Aujourd’hui le spectacle « Et maintenant » rend hommage à votre père avec Jules Grison. Quelle est l’émotion que cela suscite en vous?
J’adore ce spectacle et Jules l’interprète avec une véritable « énergie de dingue », d’autant qu’il est accompagné de musiciens de très haut niveau.
Nous avons déjà fait une tournée au Canada. J’adore ce pays mais chaque fois que j’ai eu l’occasion d’y aller, c’était toujours l’hiver et il faisait très froid alors que j’adore le soleil ! J’espère qu’une fois au moins nous irons pendant une autre saison (rires).
Nous avons surtout une date très importante puisque le 17 septembre prochain nous serons à l’Olympia à Paris.
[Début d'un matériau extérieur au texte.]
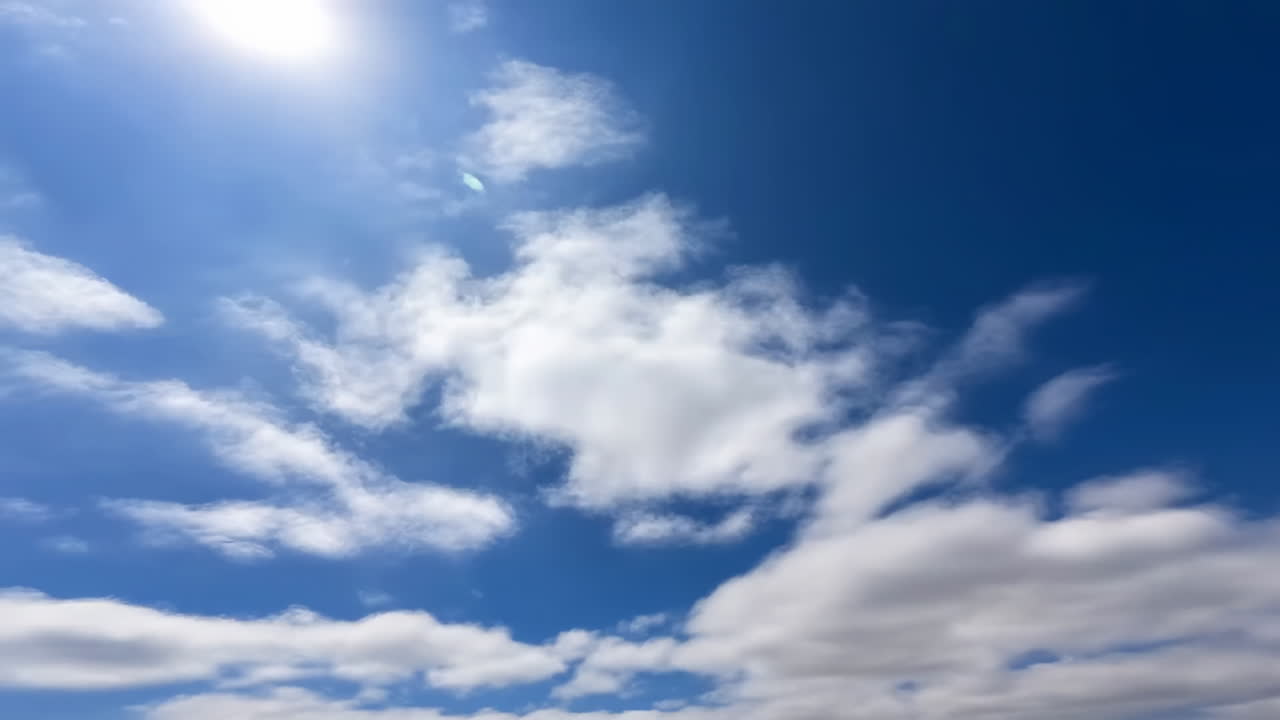 Cielo Azzurro Intenso con Nuvole Bianche e Sole che Attraversa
Évidemment tout le monde sait quel lien unissait mon père à cette salle mythique. Il a battu un record qui n’a jamais été égalé depuis lors, puisque dans sa carrière il y a chanté 33 fois, évidement à des périodes diverses de sa carrière. Aujourd’hui lorsque l’on passe à l’Olympia c’est souvent pour un, voire quelques jours seulement. Mon père y a chanté chaque fois pendant au moins deux mois d’affilée.
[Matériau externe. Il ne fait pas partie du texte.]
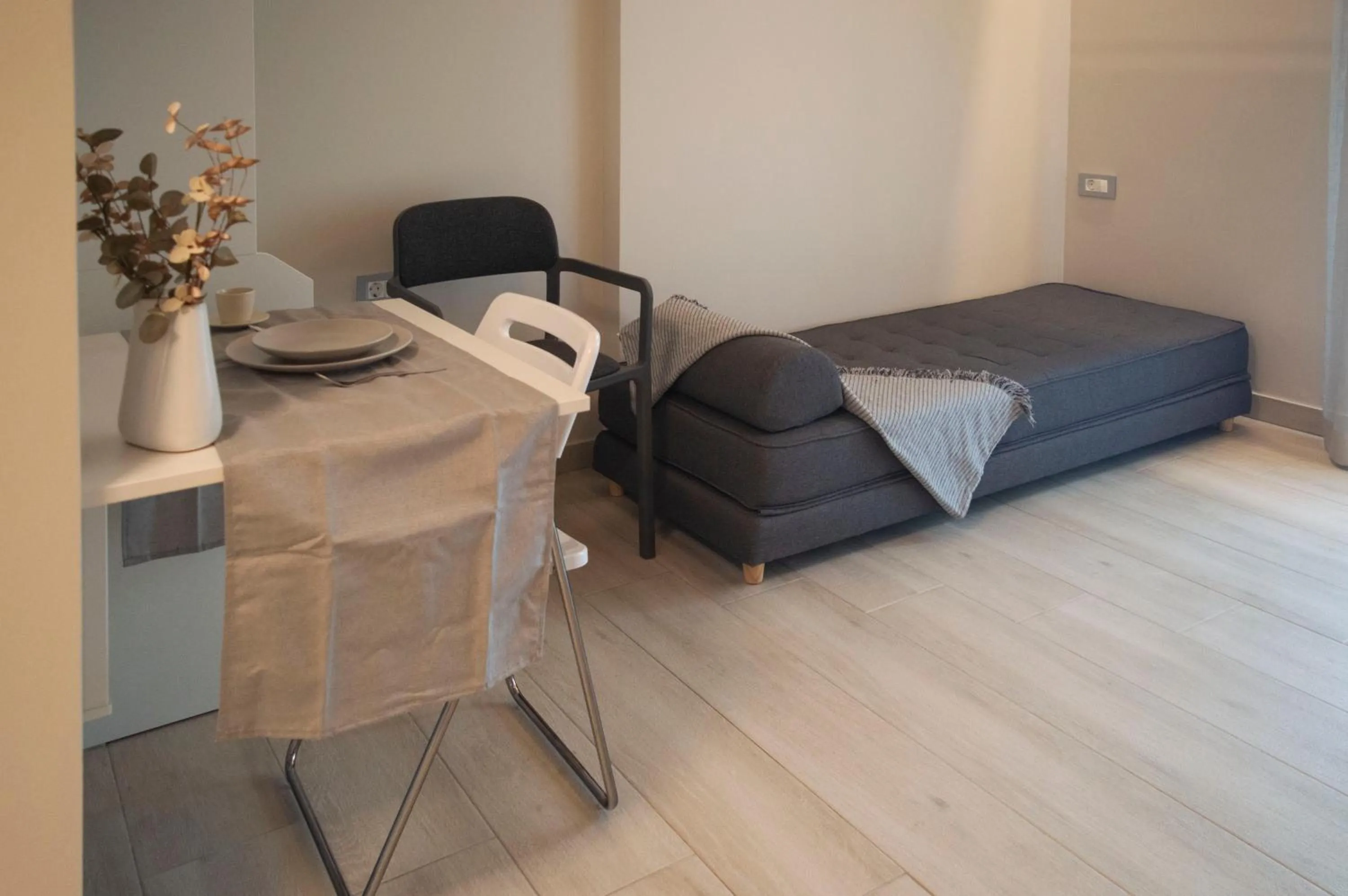 Seating area, Bed in AK Apartments Ioa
Le 17 septembre sera une soirée de grande importance et aussi une très grande fête parce que des artistes éminents vont venir se joindre à nous pour chanter et célébrer Gilbert Bécaud. Ce sera à la fois un extraordinaire souvenir et un grand moment d’amour et de partage musical. J’espère être assez forte pour ne pas être submergée par l’émotion et pour pouvoir chanter ce soir-là.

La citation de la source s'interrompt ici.